### Available records
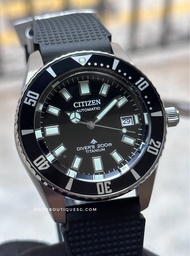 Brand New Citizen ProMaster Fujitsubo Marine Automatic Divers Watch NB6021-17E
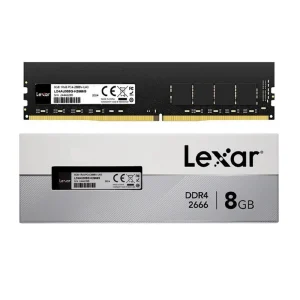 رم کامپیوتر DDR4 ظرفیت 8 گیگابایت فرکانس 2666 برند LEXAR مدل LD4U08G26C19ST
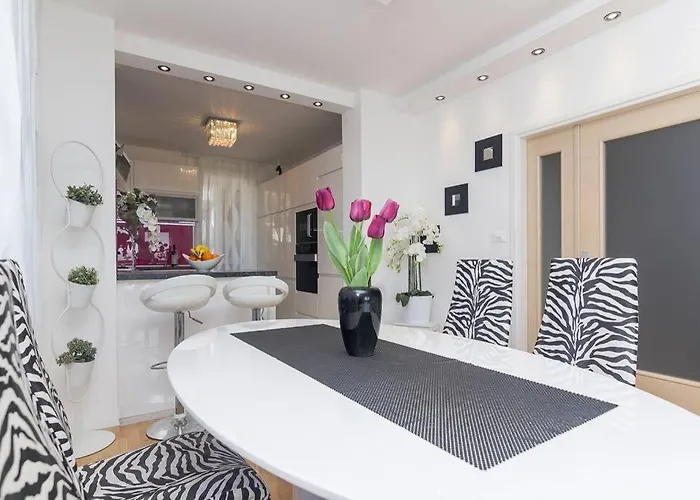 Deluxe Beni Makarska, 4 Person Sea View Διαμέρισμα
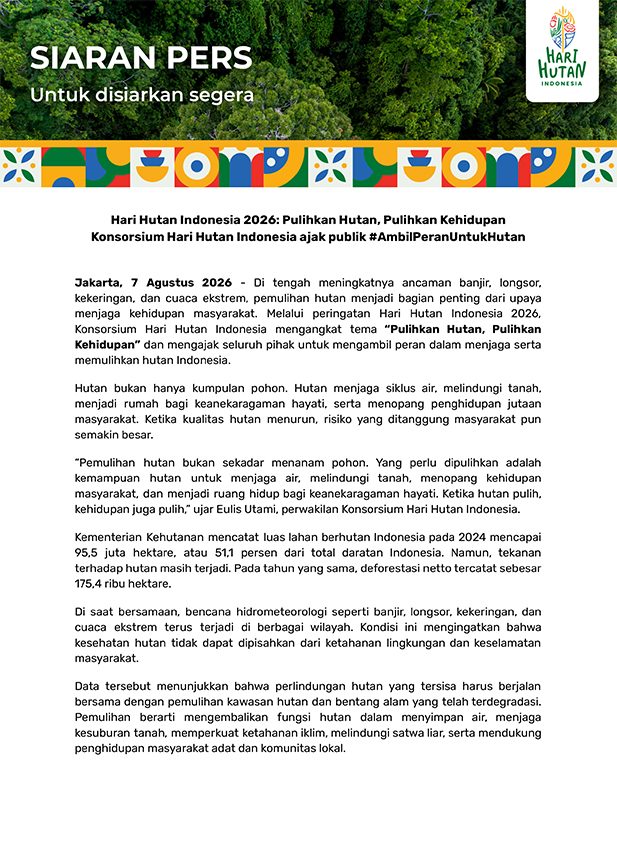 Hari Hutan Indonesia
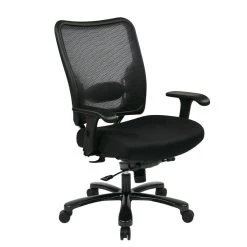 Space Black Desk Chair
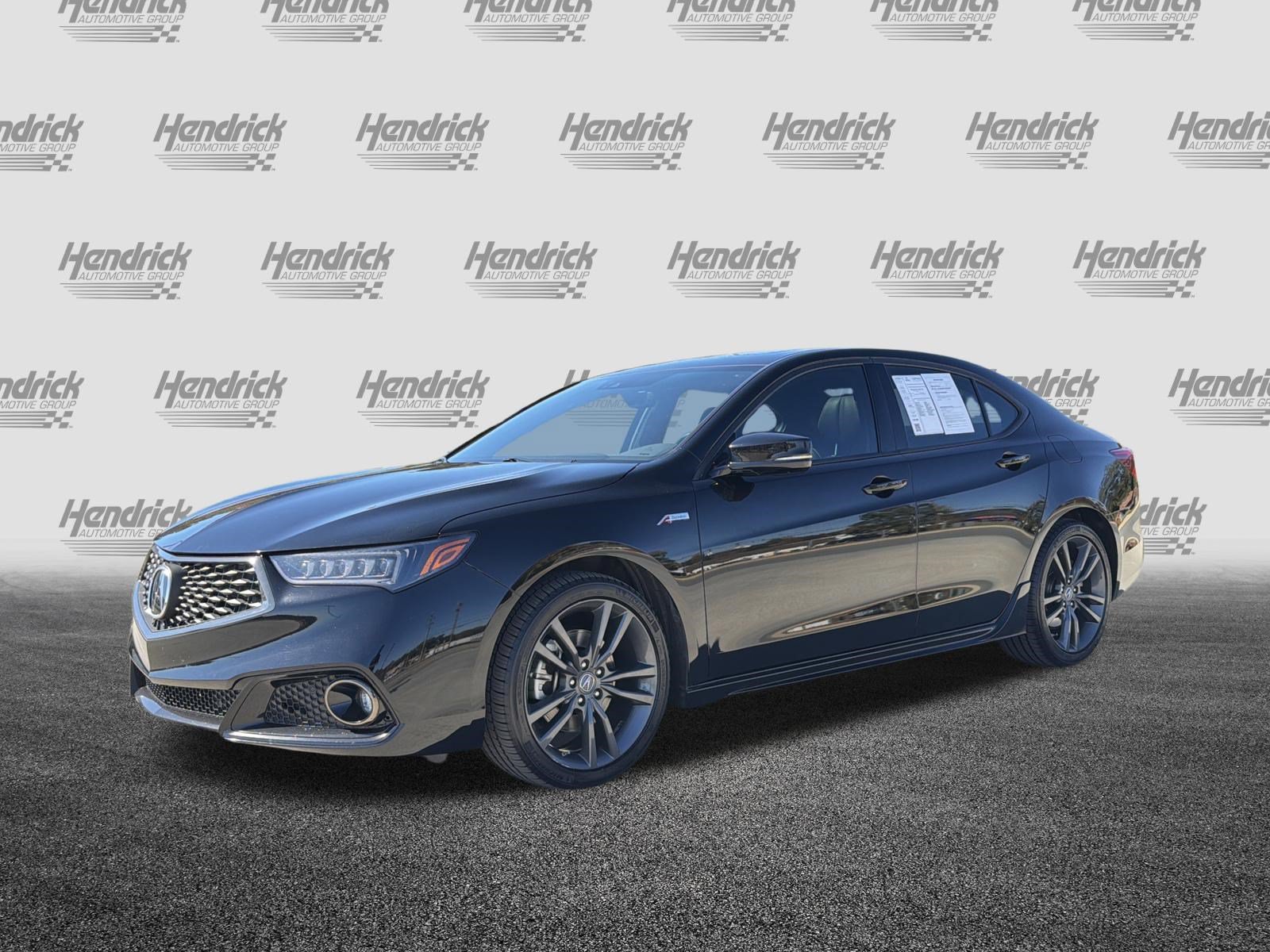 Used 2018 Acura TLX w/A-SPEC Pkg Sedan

### Your goal
Exactly as they appear above, write out all the entries, but not the images.

### Output of the exercise
 Brand New Citizen ProMaster Fujitsubo Marine Automatic Divers Watch NB6021-17E
 رم کامپیوتر DDR4 ظرفیت 8 گیگابایت فرکانس 2666 برند LEXAR مدل LD4U08G26C19ST
 Deluxe Beni Makarska, 4 Person Sea View Διαμέρισμα
 Hari Hutan Indonesia
 Space Black Desk Chair
 Used 2018 Acura TLX w/A-SPEC Pkg Sedan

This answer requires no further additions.